> _Instructions to follow_: The reply should contain every entry below exactly as written, with no images.

> _Dataset content_:
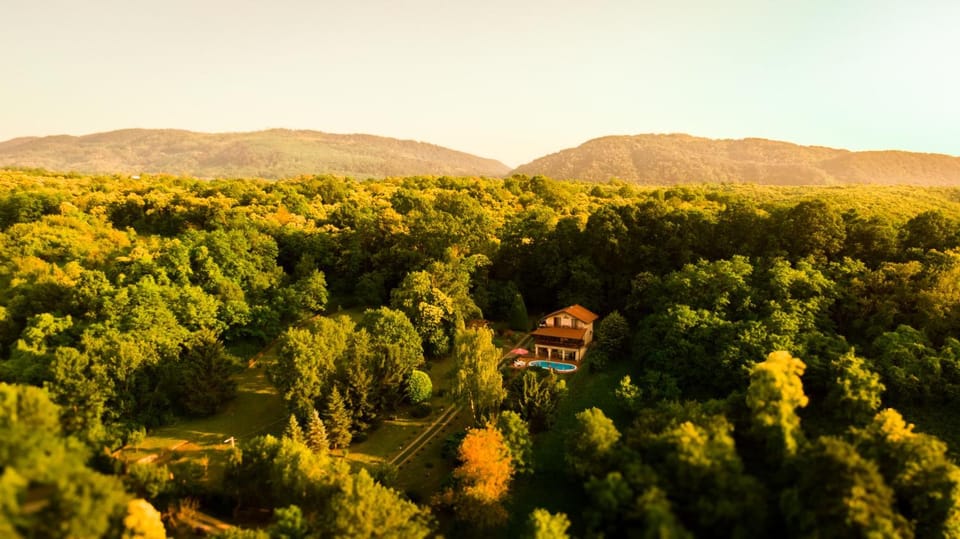 Property building, Bird's eye view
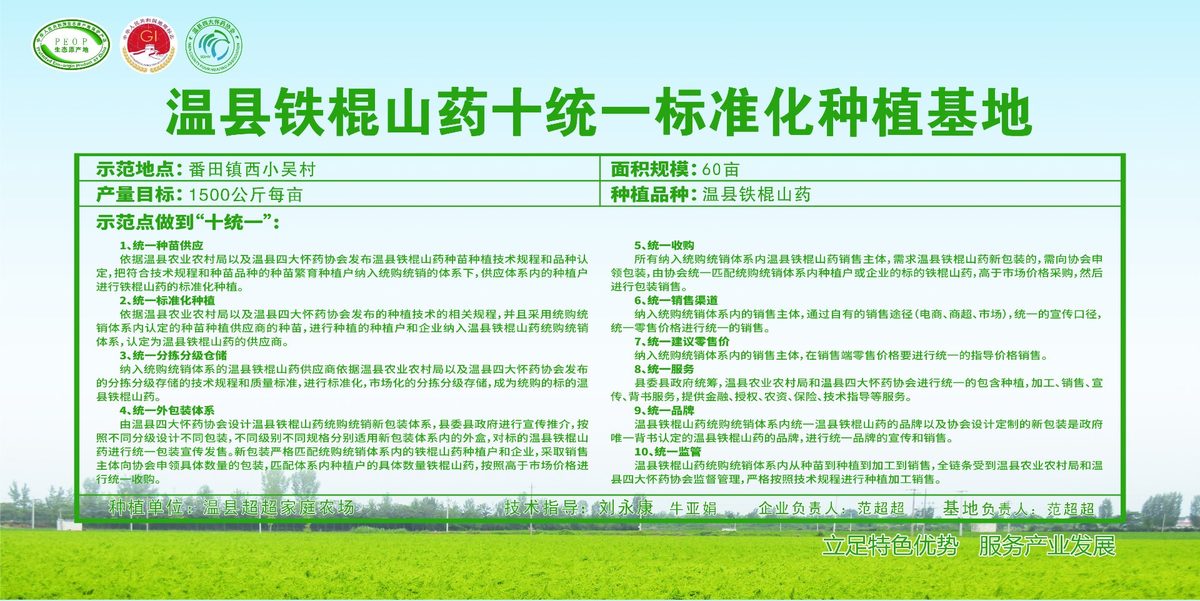 温县铁棍山药十统一标准化种植基地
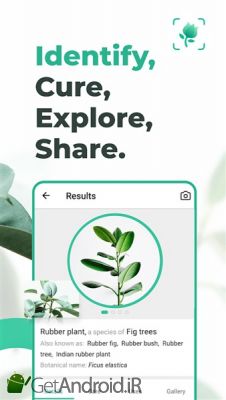 دانلود PictureThis Identify Plant, Flower, Weed and More اندروید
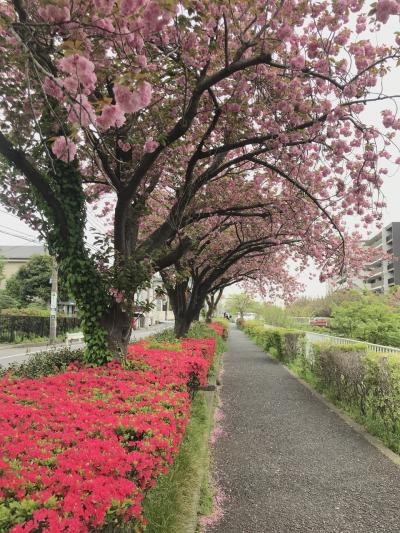 初夏、帷子川を遡る（鶴ヶ峰発）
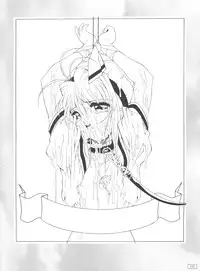 (C53) [AKKAN-Bi PROJECT (Yanagi Hirohiko)] Code Number wa 20 (Cardcaptor Sakura)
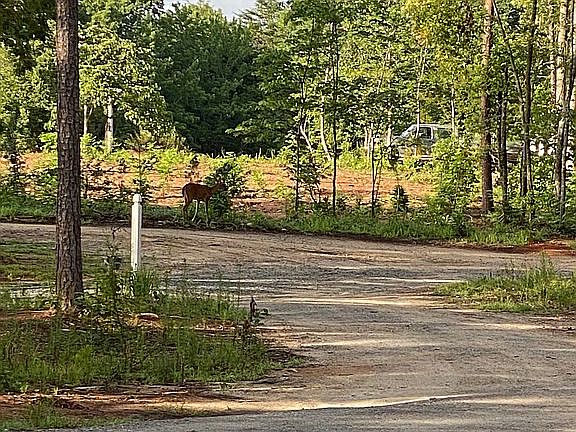 Driveway over the summer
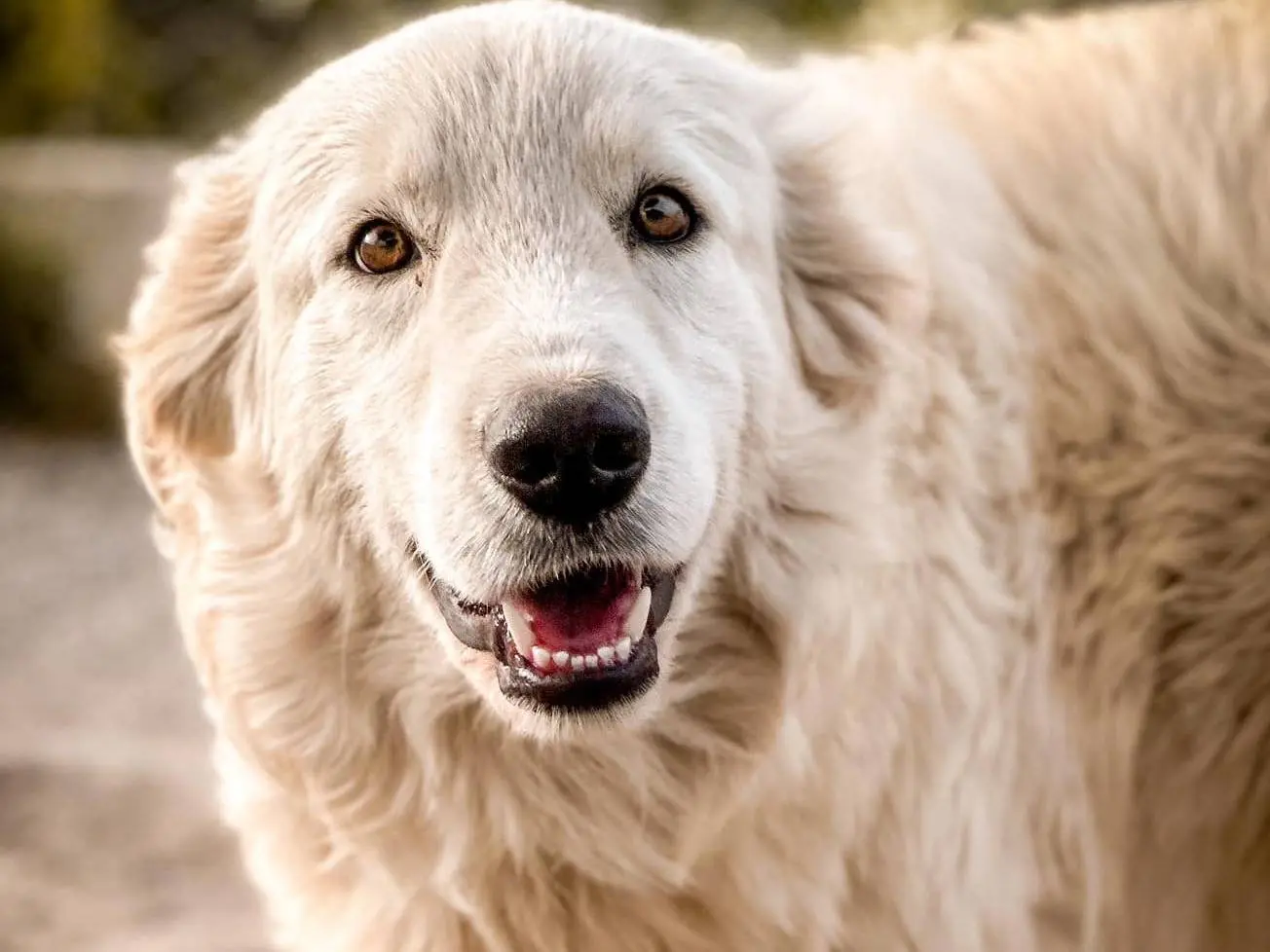 Adotta un cane, taglia grande, maschio, Crotone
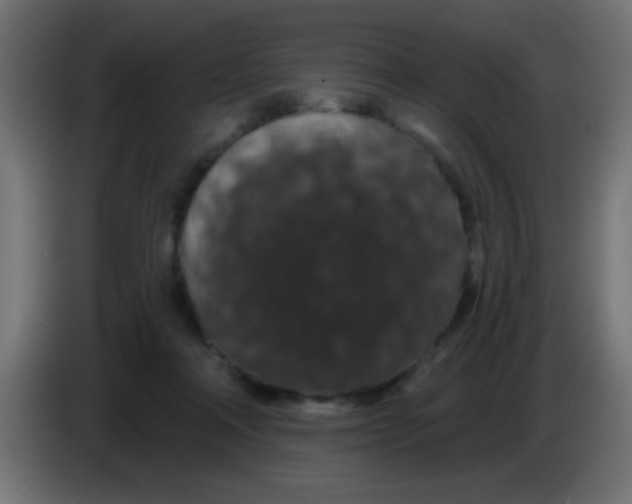 X0000083050314200703022116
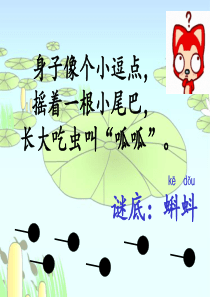 34《小蝌蚪找妈妈》课件新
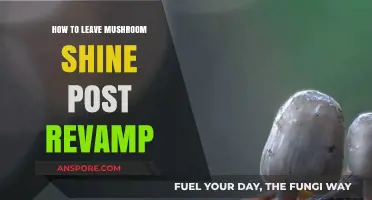 Mastering Mushroom Shine: Post-Revamp Strategies for a Lasting Glow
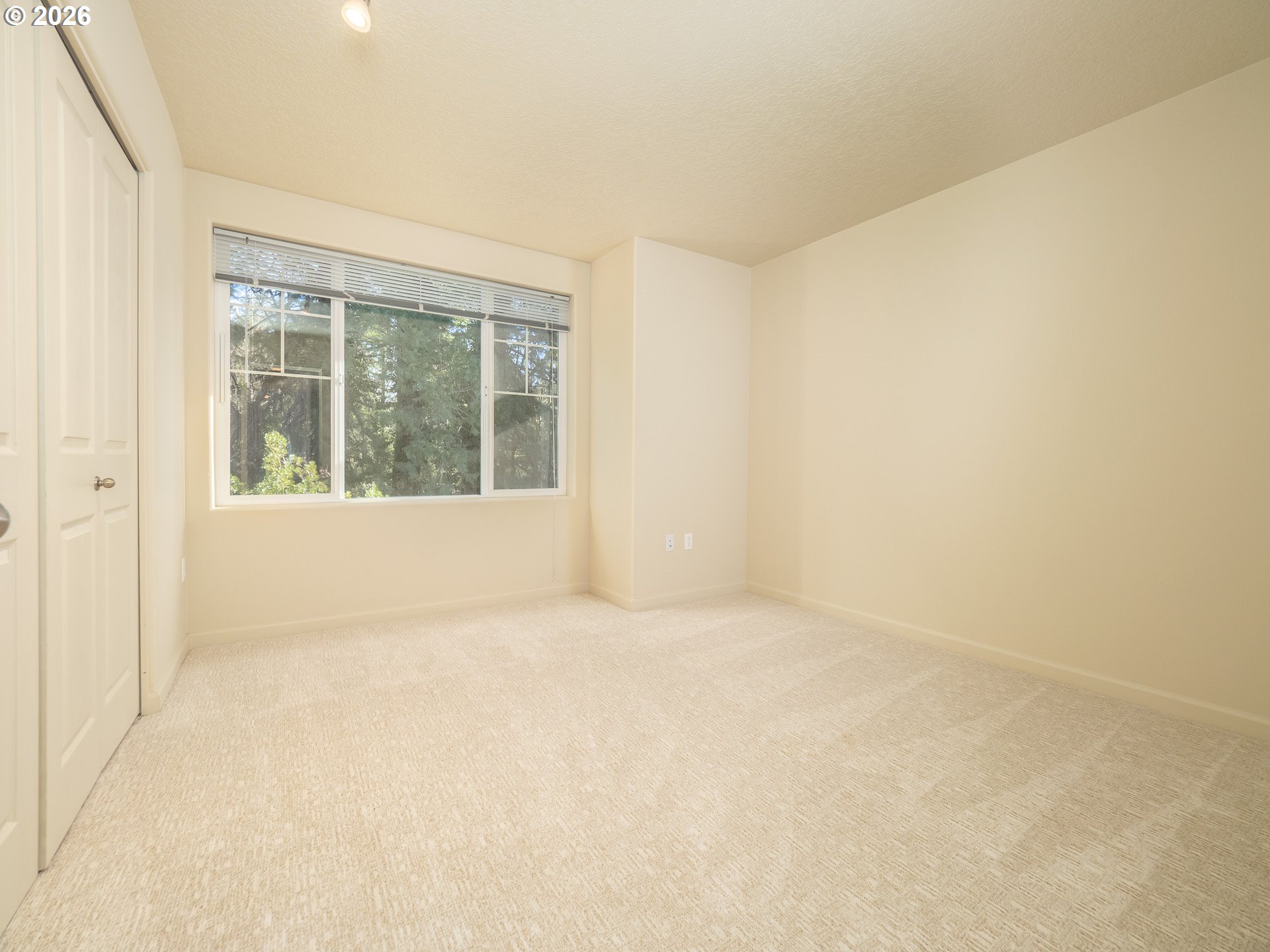 Photo #39: 234585188 Listing: Photo #39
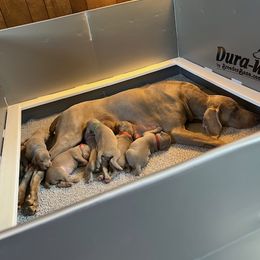 Weimaraner Puppies from Sterling Hill Weimaraners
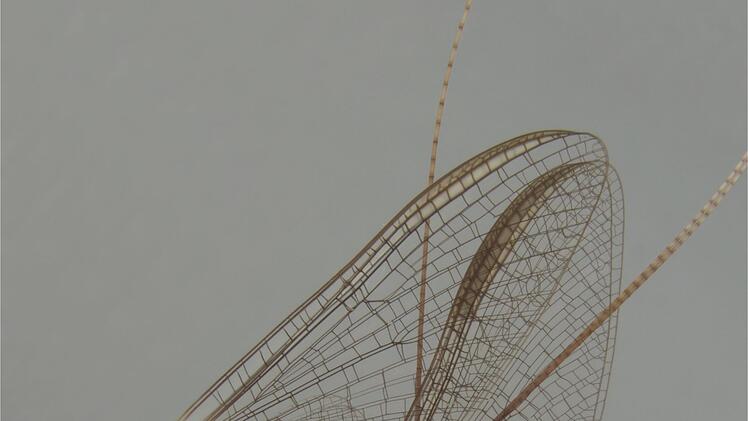 Sexleben von Eintagsfliegen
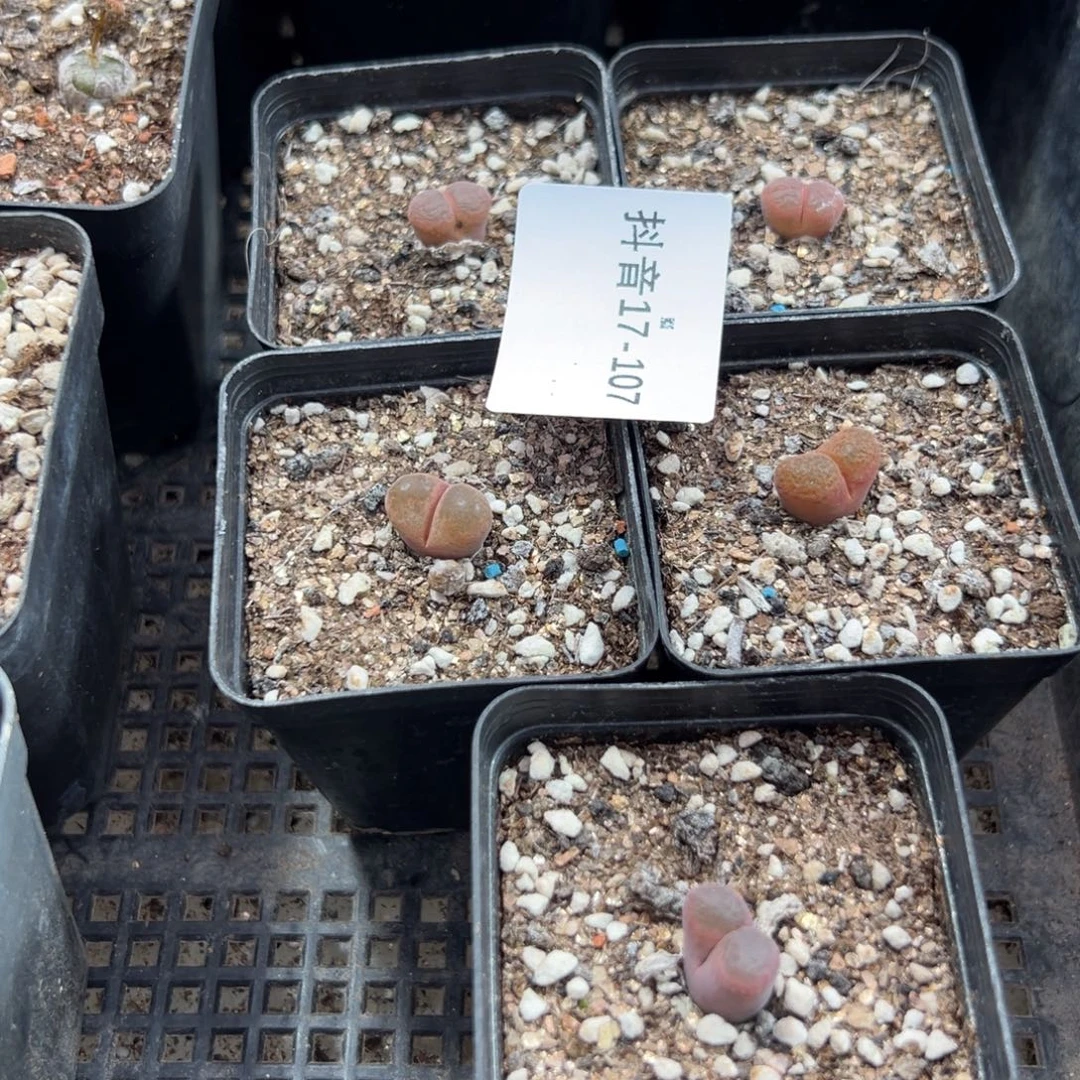 17-107肉锥多肉植物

> _Result of the exercise_:
 Property building, Bird's eye view
 温县铁棍山药十统一标准化种植基地
 دانلود PictureThis Identify Plant, Flower, Weed and More اندروید
 初夏、帷子川を遡る（鶴ヶ峰発）
 (C53) [AKKAN-Bi PROJECT (Yanagi Hirohiko)] Code Number wa 20 (Cardcaptor Sakura)
 Driveway over the summer
 Adotta un cane, taglia grande, maschio, Crotone
 X0000083050314200703022116
 34《小蝌蚪找妈妈》课件新
 Mastering Mushroom Shine: Post-Revamp Strategies for a Lasting Glow
 Photo #39: 234585188 Listing: Photo #39
 Weimaraner Puppies from Sterling Hill Weimaraners
 Sexleben von Eintagsfliegen
 17-107肉锥多肉植物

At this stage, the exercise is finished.